Time Title and Speaker
9:00 - 9:30 Registration
9:30 - 9:45 Opening
Jakob Hausgaard Lyngs, President Danish Geotechnical Society & Maurice Bottiau, President DFI Europe
9:45 - 10:25 Keeping the geotechnical triangle in balance. Lessons learnt from failures.
Tony O’Brien, Mott MacDonald

Geotechnics involves a number of interlinked activities from initial desk studies/investigations through characterisation/analysis and, importantly, linking design to construction means and methods. This complex interplay between different skills and activities can be succinctly summarised by ‘The Geotechnics Triangle (i)’. Success requires the Geotechnics Triangle to be kept in balance. Lack of attention or skills in any part of the Triangle often leads to failure. Effective communication between specialists and non-specialists also plays a pivotal role. This presentation will traverse across the Triangle, from initial studies through to foundation construction, and give mini case history examples of how projects failed when key aspects in the Triangle were not given proper attention. A feature of Geotechnics failures is that they can be ‘Black Swan’ events (ie have disproportionate consequences well beyond any project risk contingencies) – this needs to be better recognised by the wider industry. Some suggestions will be offered about how we can reduce risks and rise to future challenges.
(i) The  practical implementation of the Geotechnical Triangle represents the key aspects of geotechnical engineering : ground (+groundwater) profile, ground characterisation, appropriate analytical models, with well winnowed empiricism at its heart, and crucially linking design to construction. O’Brien and Burland, 2012. ICE Manual of Geotechnical Engineering.

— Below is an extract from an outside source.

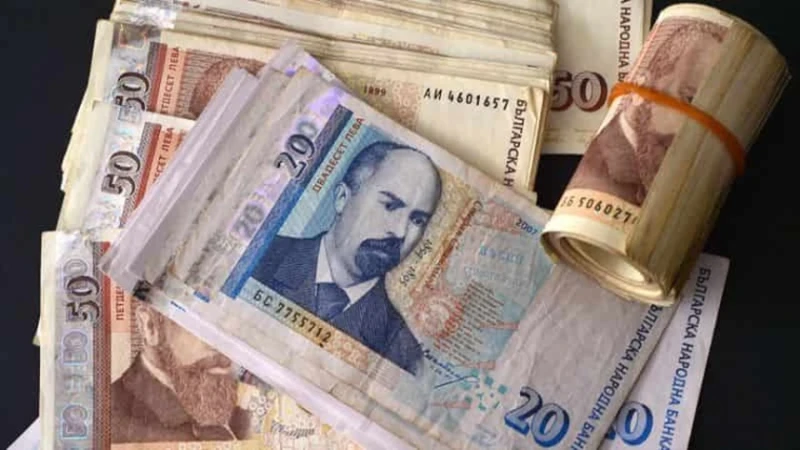 Разкриха крадеца на крупна сума пари от дом в Ихтиман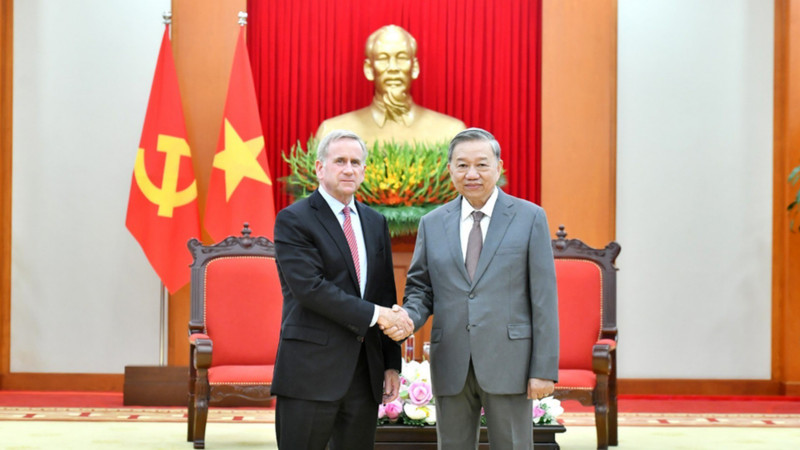越共中央总书记苏林会见美国高通公司技术许可业务和全球事务总裁亚历克斯·罗杰士。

10:25 - 11:05 Masthuggskajen, where the soft clay and strict design requirements are quite a challenge.
Jonas Ostersen, Aarsleff

In central Gothenburg at Masthuggskajen, a peninsular in the Göta River is currently under construction. The peninsular consists of three construction pits enclosed by a pile deck. The soil conditions are predominated by Gothenburg clay, a soft normal-consolidated clay which is well-known to cause stability issues and movement to nearby structures when conducting soil-related construction.
The soil conditions combined with strict requirements for maximum allowed movement of nearby existing structures were cause to some headache for the design of especially one of the construction pits. This construction pit will be the primary focus of the presentation.
An extensive monitoring program has been established to monitor the movements of the sheet piles and nearby existing structures during construction. The measurements will be compared to the calculated movements.
Other struggles and lessons learnt will be presented as well.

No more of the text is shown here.